Hopefully, dear readers, you trust Riot to be straight with you, and value our take on the latest happenings in this industry and the overarching trends. When interviewing companies, we try to present what they put forward after being challenged by our questions, to remove spin and frame what has been said with some context. Well, this week, Signify, formerly Philips Lighting, has come out swinging, but entirely missed the point.
Speaking to Enterprise IoT Insights, part of RCRWireless, Jacques Letzelter, SVP of Signify’s (formerly Philips Lighting) commercial public business segment, has claimed that cellular is the only suitable protocol for connected street lighting (CSL), and targeted Telensa’s Ultra Narrowband (UNB) as an example of an unsuitable technology, because they can’t support a wider array of smart city services.
“Ultra-narrowband is appropriate for smart and connected lighting, yes; but it will be your Achilles heel if you ever want to add the sensors,” said Letzelter. “It is inappropriate for smart city use cases. Because more sensors require more bandwidth. If you have an ultra narrowband network, well, you can say [everything] is possible, but the customer experience will be poor – they won’t get the frequency of updates they need.”
We really can’t stress just how ass-backwards this perspective is – that a smart city should operate every single function on just one single technology. We have spent years exploring how LPWAN protocols would be integrated into larger business applications, and at no point has anyone ever suggested that the larger business application might be better off if it switched entirely to using that LPWAN protocol.
What’s worse is that Letzelter is setting up a dichotomy between cellular and proprietary protocols, likening it to an open versus closed standard debate without even discussing the vendor lock-in that comes with having to pick an MNO to rely on.
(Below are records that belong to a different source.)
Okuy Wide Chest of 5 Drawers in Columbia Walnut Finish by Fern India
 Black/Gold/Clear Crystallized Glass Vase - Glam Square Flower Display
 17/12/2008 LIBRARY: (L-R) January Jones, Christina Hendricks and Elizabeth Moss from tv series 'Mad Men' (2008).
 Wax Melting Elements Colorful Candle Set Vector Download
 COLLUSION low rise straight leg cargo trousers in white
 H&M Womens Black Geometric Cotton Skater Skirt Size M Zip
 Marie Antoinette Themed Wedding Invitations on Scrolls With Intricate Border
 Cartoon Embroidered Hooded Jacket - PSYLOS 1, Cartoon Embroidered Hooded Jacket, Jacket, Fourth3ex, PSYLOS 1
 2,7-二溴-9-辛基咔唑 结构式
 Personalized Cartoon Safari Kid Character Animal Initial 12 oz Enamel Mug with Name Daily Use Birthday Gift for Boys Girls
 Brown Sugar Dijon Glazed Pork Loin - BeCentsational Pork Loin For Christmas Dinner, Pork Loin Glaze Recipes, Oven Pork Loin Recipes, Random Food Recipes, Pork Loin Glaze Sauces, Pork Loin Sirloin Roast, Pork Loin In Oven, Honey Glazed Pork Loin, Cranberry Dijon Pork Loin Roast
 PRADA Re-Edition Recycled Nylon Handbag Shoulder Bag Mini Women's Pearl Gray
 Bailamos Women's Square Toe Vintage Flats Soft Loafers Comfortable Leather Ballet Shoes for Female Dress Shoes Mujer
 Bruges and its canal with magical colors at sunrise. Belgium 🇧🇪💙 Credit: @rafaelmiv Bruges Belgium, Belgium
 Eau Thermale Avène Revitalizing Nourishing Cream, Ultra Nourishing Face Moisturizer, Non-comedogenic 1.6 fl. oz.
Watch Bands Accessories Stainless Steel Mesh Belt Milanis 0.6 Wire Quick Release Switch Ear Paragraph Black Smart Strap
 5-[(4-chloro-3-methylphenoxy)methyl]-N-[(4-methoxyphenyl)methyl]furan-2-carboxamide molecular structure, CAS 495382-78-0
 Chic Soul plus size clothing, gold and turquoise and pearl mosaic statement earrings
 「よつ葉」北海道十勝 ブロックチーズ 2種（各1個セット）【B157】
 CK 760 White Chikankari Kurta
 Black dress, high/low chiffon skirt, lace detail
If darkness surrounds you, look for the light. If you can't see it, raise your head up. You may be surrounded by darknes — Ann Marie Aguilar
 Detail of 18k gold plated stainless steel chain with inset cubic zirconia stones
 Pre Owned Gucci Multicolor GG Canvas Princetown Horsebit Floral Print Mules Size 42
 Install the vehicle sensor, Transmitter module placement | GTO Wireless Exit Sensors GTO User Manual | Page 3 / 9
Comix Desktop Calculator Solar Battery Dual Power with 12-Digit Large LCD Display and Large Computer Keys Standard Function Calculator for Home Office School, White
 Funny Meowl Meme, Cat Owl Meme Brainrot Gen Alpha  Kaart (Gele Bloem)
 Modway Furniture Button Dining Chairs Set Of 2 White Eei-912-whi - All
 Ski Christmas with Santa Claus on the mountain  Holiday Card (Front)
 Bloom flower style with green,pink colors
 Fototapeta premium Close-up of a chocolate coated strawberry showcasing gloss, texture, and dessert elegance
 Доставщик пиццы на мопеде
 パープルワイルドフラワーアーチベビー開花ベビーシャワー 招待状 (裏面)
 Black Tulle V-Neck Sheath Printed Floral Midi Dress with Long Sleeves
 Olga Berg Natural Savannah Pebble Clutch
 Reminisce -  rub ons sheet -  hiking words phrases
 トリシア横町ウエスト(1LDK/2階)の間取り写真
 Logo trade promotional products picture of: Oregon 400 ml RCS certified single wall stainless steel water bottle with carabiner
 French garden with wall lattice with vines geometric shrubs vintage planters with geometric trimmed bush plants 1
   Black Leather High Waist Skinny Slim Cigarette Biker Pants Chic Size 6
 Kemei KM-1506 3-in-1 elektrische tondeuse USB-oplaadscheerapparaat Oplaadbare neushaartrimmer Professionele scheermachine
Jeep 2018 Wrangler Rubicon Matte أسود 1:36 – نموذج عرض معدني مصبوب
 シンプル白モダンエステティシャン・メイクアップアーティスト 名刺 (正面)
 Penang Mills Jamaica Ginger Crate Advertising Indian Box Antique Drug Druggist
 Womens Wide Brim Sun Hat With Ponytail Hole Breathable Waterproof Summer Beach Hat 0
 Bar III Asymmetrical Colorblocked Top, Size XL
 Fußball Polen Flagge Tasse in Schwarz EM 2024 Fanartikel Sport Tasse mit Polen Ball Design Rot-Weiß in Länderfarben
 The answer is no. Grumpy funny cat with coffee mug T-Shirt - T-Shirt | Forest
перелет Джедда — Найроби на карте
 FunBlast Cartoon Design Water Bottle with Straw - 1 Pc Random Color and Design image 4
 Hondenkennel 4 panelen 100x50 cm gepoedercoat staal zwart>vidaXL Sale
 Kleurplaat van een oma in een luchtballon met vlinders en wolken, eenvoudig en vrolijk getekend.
Sure, you have a concern that a company like Telensa might be able to hold you over a barrel, but if you (the customer) are really that concerned about this, you would plump for something like Wi-SUN and run your own private network. Cellular is not the answer to that problem.
Similarly, cellular hasn’t been an answer to the CSL problem for the past five years, whereas options like Silver Spring Networks’ Wi-SUN (now part of Itron) and Telensa, and a myriad of other providers that use proprietary stacks, have been able to offer CSL projects in that period. If we are to take the view that cellular is the only way forward, then we should also be beating cellular bloody for taking so long to get to the point that it makes economic sense to use in CSL.
But perhaps the most aggravating part of the Signify pitch is that Letzelter and company are pitching LTE Cat-M as the foundation for CSL, but also selling modular designs that would let you add a different radio to support new sensors if needed – without even a hint of irony or self-awareness, it would seem. Currently, it is pitching Zigbee as a CSL-only technology, with LTE Cat-M as a smart city technology.
So, the Signify approach seems confused, at best, and perhaps there’s some benefit of the doubt to grant, in case things have been lost in translation from spoken word to printed text. However, Signify should know better, as it has its own Central Management System (CMS), the application that manages the lights for its customers, and the step to integrate the CMS with the other smart city functions is so glaringly obvious.
At nearly every level in the IoT, the integration between two devices from two different businesses or environments happens in the cloud. There might be a few edge-cases that don’t adhere to this rule, but in a smart city, arguably the most intertwined IoT scenario in which a multitude of partners and competitors have to work together and play nice, arguing that we should be trying to simplify things at the device level is painful to listen to.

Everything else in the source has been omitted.